Designing games with a purpose: In this paper, the author discusses the game that are intended to collect data from the players as the solution to current problems. The paper begins by giving the number of avg hours that young American might have spent. Then, it gives example that help to label the image where the data is collected when players are also entertained at the same time. The paper discusses the general ways to develop such games and make them enjoyable. By adding a timer, the player could get more evolved.

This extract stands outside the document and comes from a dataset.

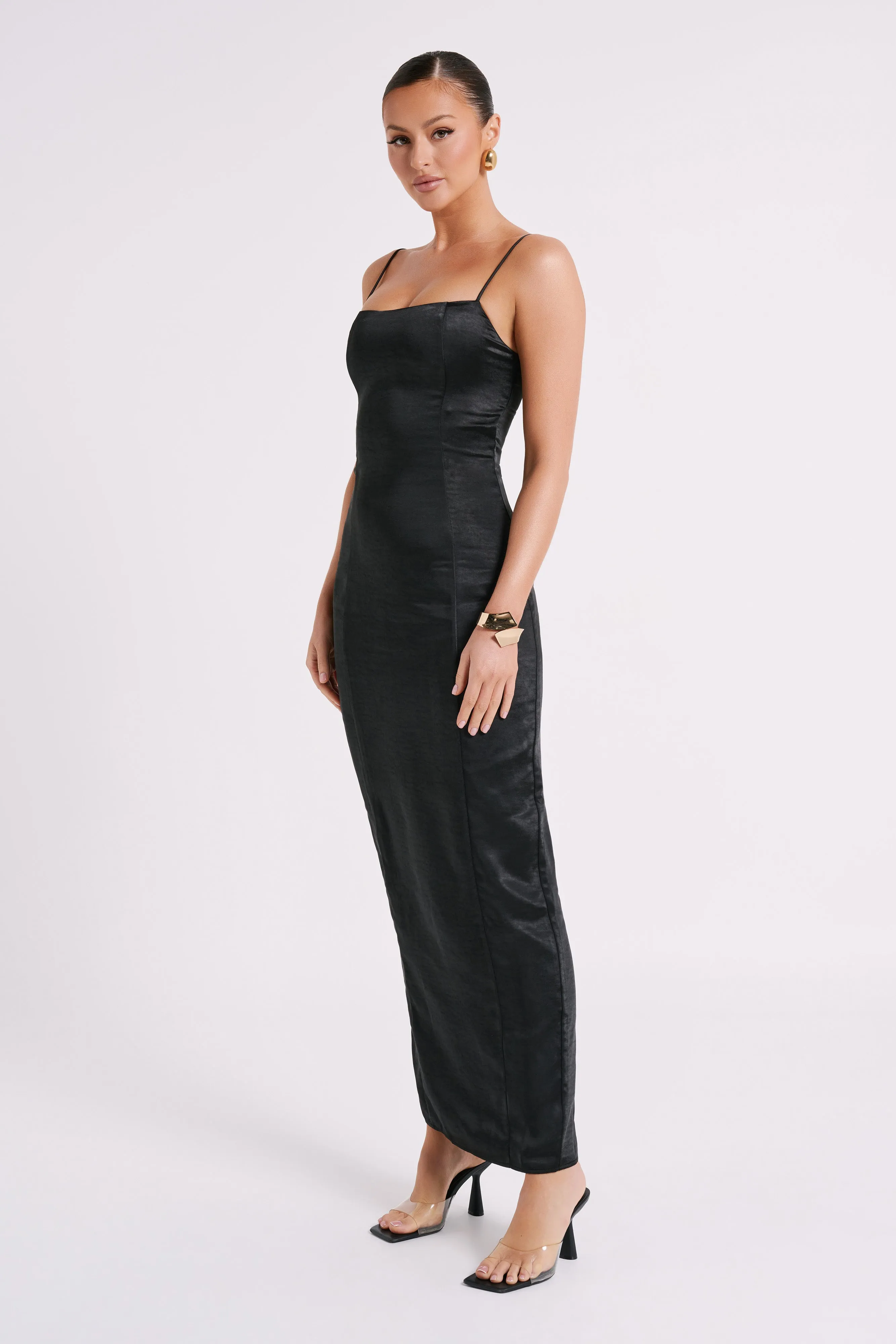 Chrisley Satin Maxi Dress With Split - Black sold by Meshki product image thumbnail 3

By keeping the scores and adding ranks or show high score list, the players could be better motivated. Adding more randomness could make the game more challenging. And assigning random partner is also a good way to motivate repeated play/ The best of the paper is that, it doesn’t only talks about basic rules when designing that kind game, but also tries to provide a systematic way to evaluate these games. It uses average number of problem solved per hour and average overall amount of time the game is played bu a player to evaluate the contribution. If the paper could evaluate serval games and compare them though the evaluation method proposed, it might be more convincing.————————————————————————————— Crowdsourcing User Studies With Mechanical Turk: In cs2001, Dr. Adam said that in his own HCI project, he used the amazon turk platform to do the user study. Since in the class, we learned that the physical environment is important and we need to control as more as we could, so I truly wonder that whether the data collected on this platform will have this issue. This paper answers my question: it’s true that the validation of users condition is hard to guarantee and there is no full control towards user’s own experiment setting. The paper said that the platform was used as collecting data for data mining or machine learning. The author argues that the system could also be used as an evaluation system to finish some evaluation user studies. He conducted several experiment to prove that the platform could be used in this case. But also points out it’s possible limitations.

Ruochen Liu 8:58:37 11/30/2017

Designing Games with a Purpose: People, especially the youngsters, spend huge amount of energy and time on playing games. They play games just for entertainment. But if we try to add other purposes into the design process of games, maybe we can have a win-win situation and make a good use of these man-power and time to solve computational problems and train artificial intelligence algorithms. This is an interesting and promising area, and this paper is just about this topic. “Games with a purpose” is also called GWAPs. Many GWAPs, such as the ESP game, Peekaboom, Phetch, and Verbostiy have been created. By researching them, three game-structure templates that can generalize successful instances of human computation games are found. They are output-agreement games, inversion-problem games, and input-agreement games. By designing games in these ways, the integration of computation and gameplay can be easily achieved. One of the possible common drawback of the three templates is that they all use the similarity of game players to ensure output correctness. This may be not suitable for creative and complicated games. GWAP, as a promising approach, has an ability to provide huge amount of training data for AI. However, much work remains to be done. Crowdsourcing User Studies with Mechanical Turk: As we all know, user studies play important roles in the design process. The cost may be a main factor in the conduction of a user study. This paper introduces micro-task markets, such as the Mechanical Turk from Amazon, as a potential way to get access of user studies with low time and low money cost. Micro-task markets are markets that in which users can post tasks to be completed by others in specific prices. Personally speaking, besides the function to conduct user studies, it is also a great platform to acquire huge amount of AI training data. Also, several limitations of Mechanical Turk are mentioned in this paper. These limitations and drawbacks must be put into account in the design of user studies. I am very willing to use this powerful and cost-efficient platform to conduct user studies in the future.